Le tigre et le lotus
Reflets de mandarine et de corail, le crépuscule livre ses derniers feux. Dans la jungle dansent les ombres épaisses. Tout à coup, aussi sombre que les ténèbres au-delà de l'entrelacs de lianes, le majestueux seigneur de ce lieu apparaît dans sa robe de cendres et de feu.
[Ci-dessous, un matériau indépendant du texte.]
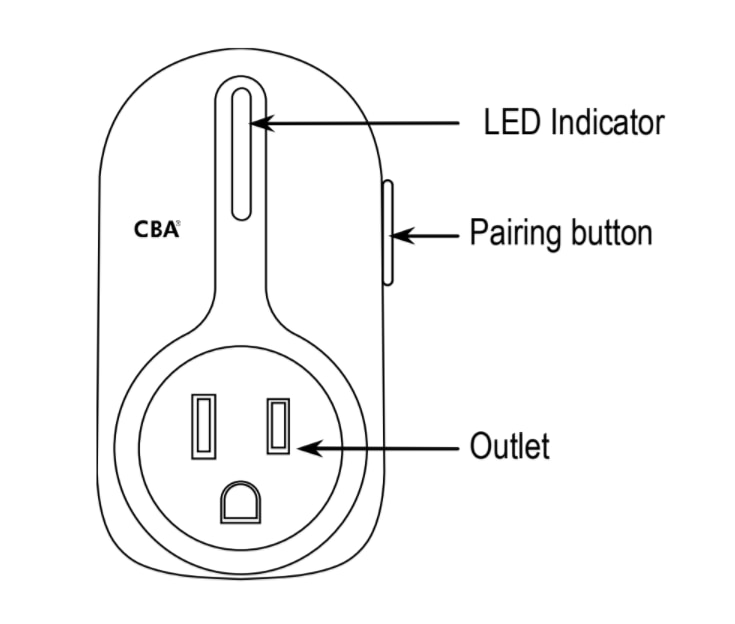 Seco-Larm Enforcer CBA Wireless Outlet Controller Kit, 5 Outlets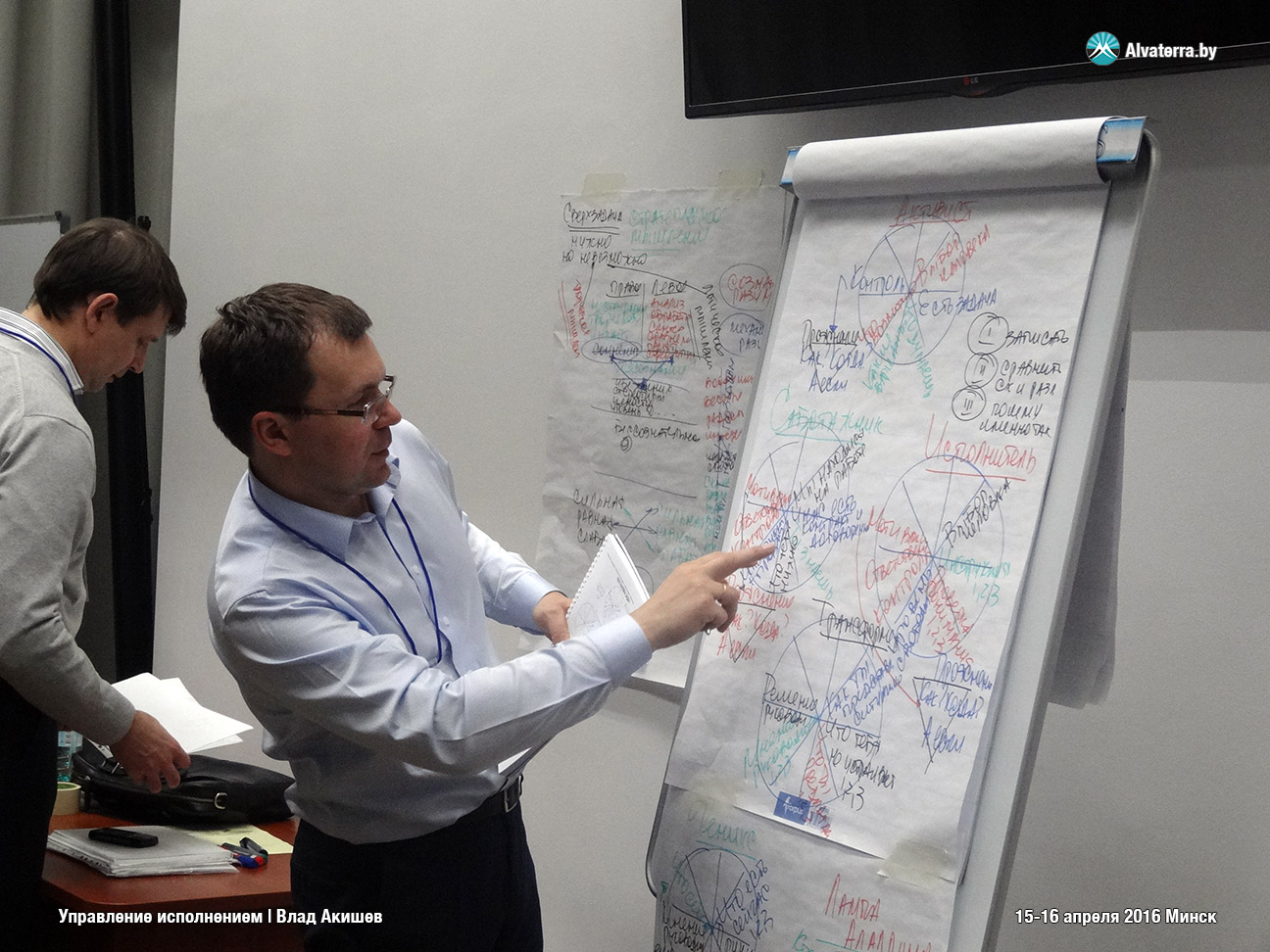Влад Акишев управленческий тренинг в Минске
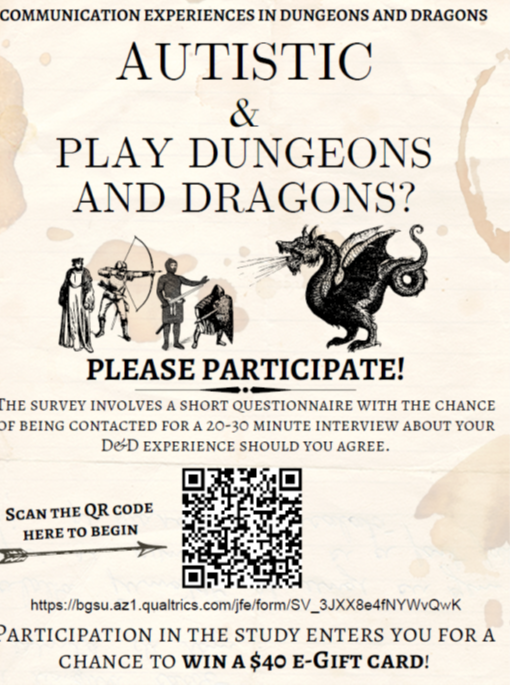 D&D Research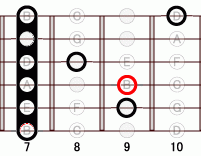 ギターコード Bsharp9 7フレット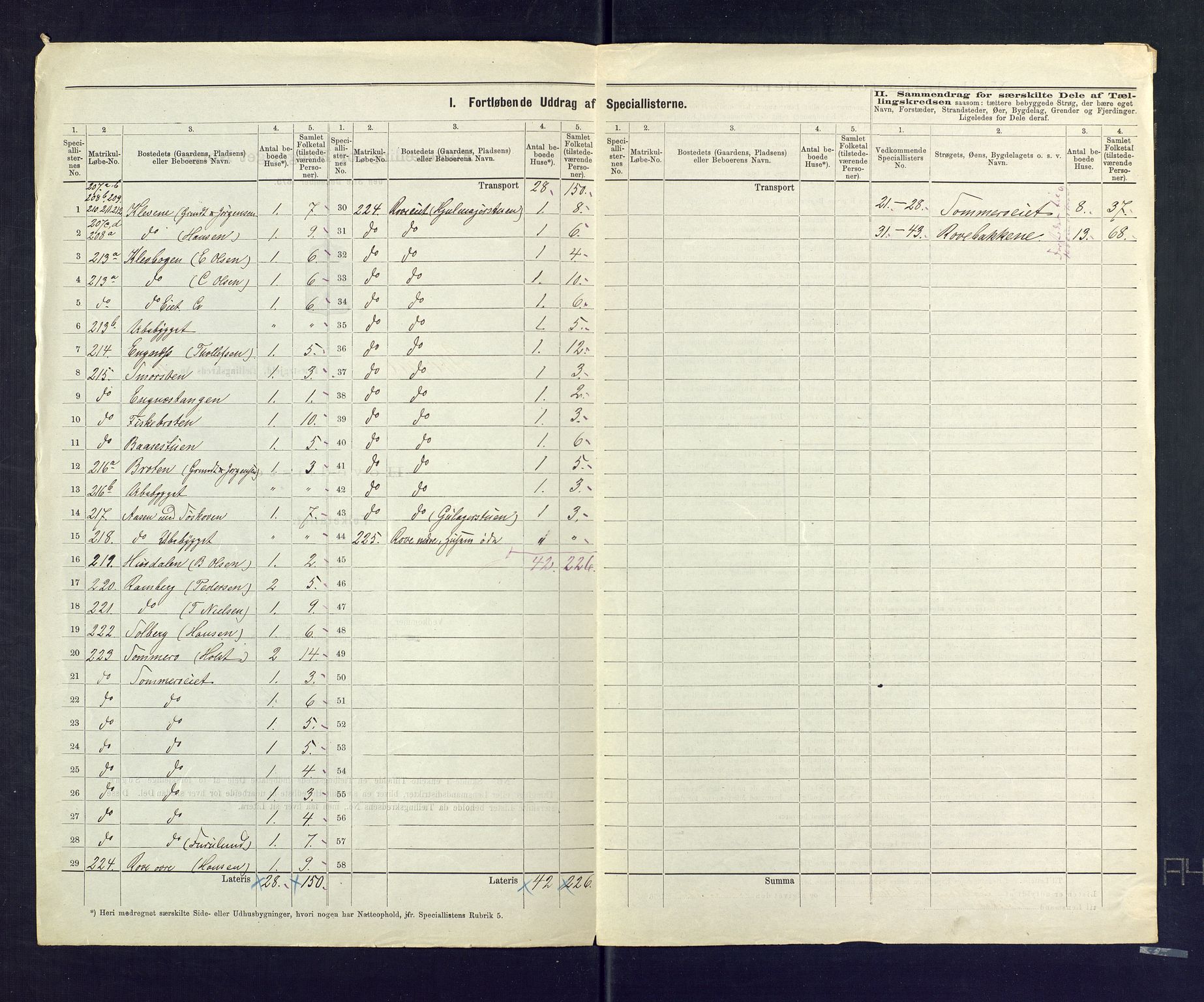 SAKO, 1875 census for 0715P Botne, 1875, p. 38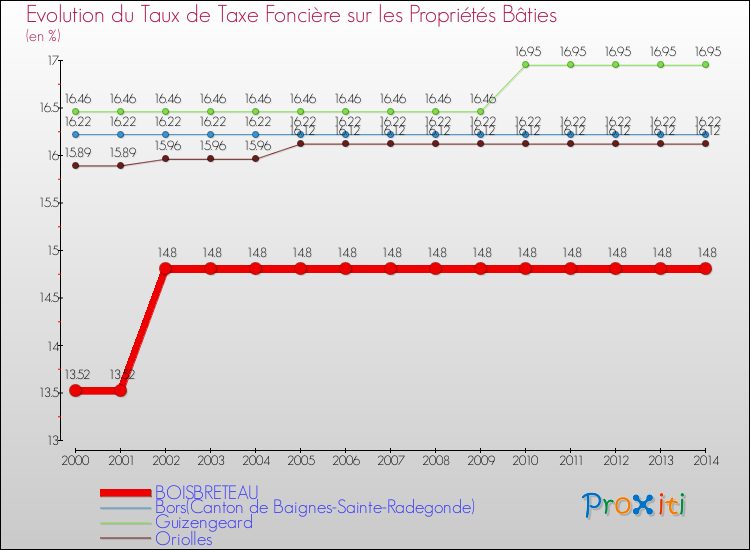 Evolution du taux de la taxe foncière sur le bati pour BOISBRETEAU et les communes proches de 2000 à 2014 Comparaison des taux de taxe foncière sur le bati pour BOISBRETEAU et les communes voisines de 2000 à 2014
La fleur de lotus, dialogue silencieux, lui répond en se parant des mêmes couleurs.
Je me réveillai dans la pénombre de ma chambre, Beatrice lovée contre moi. Une pluie tiède tombait sur Rum Cay. Les bribes éthérées de mon rêve me ramenaient au coup de fil de cet après-midi.
Nous revenions des obsèques de Mamie Estelle quand une voix que je n'avais plus entendue depuis des années s'était adressée à moi. Douce ce jour-là, mais je n'avais jamais oublié les mots vipérins qu'elle m'avait adressé pendant mon enfance :
" Allô ?
- Richard ? C'est Maman.
- Oh ! Qu'est-ce qui t'amène ?
- J'ai appris pour ta grand-mère. Je suis désolée.
- Merci. Je transmettrai à Papy Merrill.
- On m'a dit aussi que tu allais être papa.
- En effet.
- Est-ce que tu me permettras de rencontrer ton enfant ? "
Je raccrochai sans répondre. Le tigre, aussi séduisant soit-il, reste un prédateur. Je n'avais plus de pardon à offrir.